HELOCs are lines of credit, typically in second position.  Clients can draw on the line instantly once the line is established and use the funds for any purpose.  Qualifying for the loan is done up-front and there is no re-qualifying or application to access funds.  Payments during the first 10 years are interest only based on the balance on the line.  So, if there is no balance, there is no payment. For WAFD bank HELOCs, the draw period is 10 years.  After 10 years, the 15 year principal and interest payback period begins.  Some banks offer balloon payment HELOCs where the full balance is due at maturity.  

“If I get in financial difficulty, I can always borrow on my home.”  Borrowing money during tough financial times may not be possible or may be more costly.  But, setting up a Home Equity Line of Credit when you don’t need it, means it is ready for you when you do.  Note, HELOCs require documentation of income, assets, etc. just like your first mortgage.

“I don’t need another payment.”  Remember, HELOCs are a credit line, so there are no payments if you do not have a balance.  Besides, if you use the line to pay off higher interest debt, you would be reducing your payments.  According to the Federal Reserve, the Average Credit Card rates are nearly 20% in 2019. Rates on HELOCs are typically Prime plus a margin from zero to 2%.  Prime as of Oct. 4, 2019 is 5.0%, so HELOC rates are 5%-7% depending on credit, property type, occupancy, etc. 

“Can I get a HELOC on one property to buy another property?”  This is a commonly asked question.  The answer is typically yes.  In fact, Washington Federal even offers HELOCs on investment properties.  So, many investors take a HELOC on one property help them buy another one.
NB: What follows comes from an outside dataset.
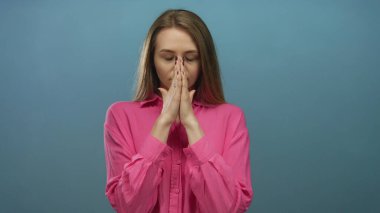 Canlı pembe tişörtlü, izole edilmiş mavi arka planda meditasyon yapan bir kadın sükunet ve farkındalık sergiliyor..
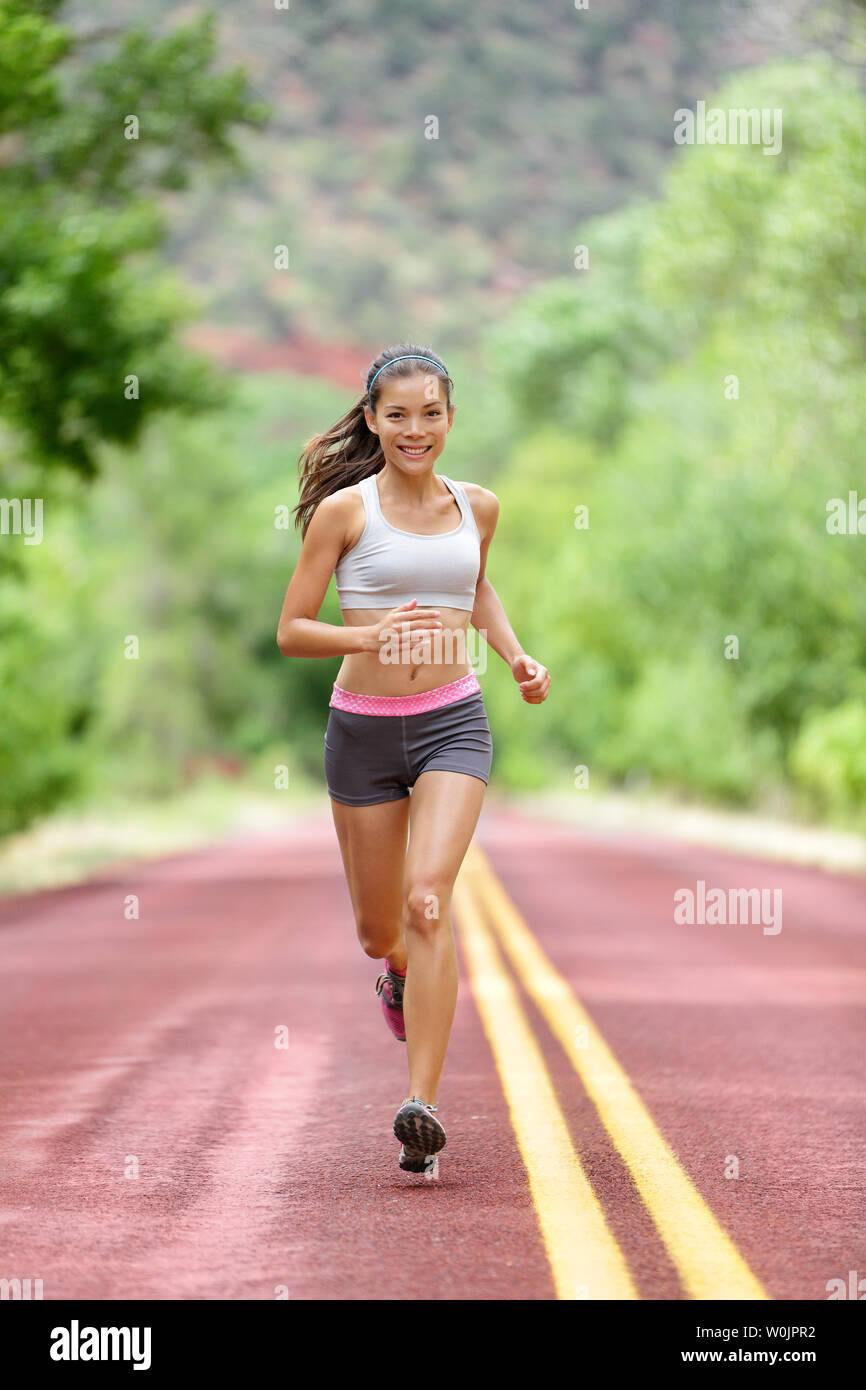 Runner woman running training living healthy fitness sport lifestyle.  Active female athlete jogging outdoors happy with aspirations. Beautiful  mixed race Asian Caucasian girl in full body length Stock Photo - Alamy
Also, some clients want to buy a new home, but their equity is their down payment.  They don’t want to sell first, then rent while they shop for or build a new home.  So, they take out a HELOC in their old home to buy the new one. 

“Is a HELOC tax deductible?”  Note, the usual caveat; “consult a tax professional.”  The general idea is that interest paid on HELOCs is only tax deductible if you can show that the use of the funds was for improvements to the home (primary or second home).  But, neither is interest on credit cards and other types of consumer debt. 

“Can I use a HELOC to buy out my Ex?”  Yes, buying-out an ex from their interest in a property is a common use of HELOCs.  The great thing about this purpose is that additional principal payments can be made, lowering the minimum payment.